Top medical advertising trends for 2013

Pharmaceutical companies will be increasingly teaming up with video advertisers and other online marketing experts to better leverage their digital channels in 2013.

Posted on Jan 4, 2013 by YuMe

Internet video advertising has over the past few years become one of the most productive and effective ways to reach a large audience. According to Medical Marketing and Media (MMM), pharmaceutical companies will be increasingly teaming up with video advertisers and other online marketing experts to better leverage their digital channels in 2013.

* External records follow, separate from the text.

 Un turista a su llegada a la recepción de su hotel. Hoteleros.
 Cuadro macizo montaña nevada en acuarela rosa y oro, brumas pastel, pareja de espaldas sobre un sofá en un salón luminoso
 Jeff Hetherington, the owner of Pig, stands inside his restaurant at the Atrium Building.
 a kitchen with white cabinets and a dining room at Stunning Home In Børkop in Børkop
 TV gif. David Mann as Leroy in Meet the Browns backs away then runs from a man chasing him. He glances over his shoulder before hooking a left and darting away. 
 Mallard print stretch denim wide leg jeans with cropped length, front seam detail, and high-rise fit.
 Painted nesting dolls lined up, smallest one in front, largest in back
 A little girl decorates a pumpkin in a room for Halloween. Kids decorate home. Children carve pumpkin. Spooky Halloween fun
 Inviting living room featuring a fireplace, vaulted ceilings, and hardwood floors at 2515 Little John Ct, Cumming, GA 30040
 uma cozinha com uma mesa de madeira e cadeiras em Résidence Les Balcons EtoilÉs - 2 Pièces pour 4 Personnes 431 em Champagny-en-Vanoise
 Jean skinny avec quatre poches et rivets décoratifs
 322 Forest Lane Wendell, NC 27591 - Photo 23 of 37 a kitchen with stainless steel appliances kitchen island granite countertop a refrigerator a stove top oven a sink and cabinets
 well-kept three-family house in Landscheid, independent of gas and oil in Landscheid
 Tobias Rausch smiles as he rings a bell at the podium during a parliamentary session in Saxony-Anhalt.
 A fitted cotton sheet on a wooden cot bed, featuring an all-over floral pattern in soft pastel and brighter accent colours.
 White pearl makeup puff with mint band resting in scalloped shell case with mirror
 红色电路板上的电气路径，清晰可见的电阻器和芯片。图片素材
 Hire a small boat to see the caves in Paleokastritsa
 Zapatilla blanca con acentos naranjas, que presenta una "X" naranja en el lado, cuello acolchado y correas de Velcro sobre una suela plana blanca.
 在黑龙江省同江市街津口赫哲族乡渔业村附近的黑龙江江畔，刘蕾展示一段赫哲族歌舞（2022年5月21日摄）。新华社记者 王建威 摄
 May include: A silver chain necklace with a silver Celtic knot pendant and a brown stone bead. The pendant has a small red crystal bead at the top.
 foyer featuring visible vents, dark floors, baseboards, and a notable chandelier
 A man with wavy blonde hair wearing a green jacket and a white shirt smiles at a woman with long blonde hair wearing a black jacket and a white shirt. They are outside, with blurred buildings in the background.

An "area where we will see more acceleration, in terms of media, will be in the use of online video," Deborah Dick-Rath, president of healthcare consultancy firm Epic Proportions, said to MMM. "Just as the cost of TV buys will continue to drive expansion of online video, so too, will more companies launch websites with curated content, content focused not just on disease but on lifestyle and things like travel, too. Exciting online video will be a part of that expansion."

Digital formats are already one of the most fruitful avenues for pharmaceutical companies, although MMM reported that current trends in medical ad buying will likely boost interest in internet video advertising going forward. During the first six months of 2012, pharmaceutical and healthcare companies accounted for 6 percent of all money spent on online marketing formats, with total ad dollars combined equaling about $1.1 billion, according to a report from the Interactive Advertising Bureau (IAB). In comparison, the $608 million spent by healthcare and pharmaceutical companies during the first half of 2011 accounted for 4 percent of all ad dollars going into digital marketing.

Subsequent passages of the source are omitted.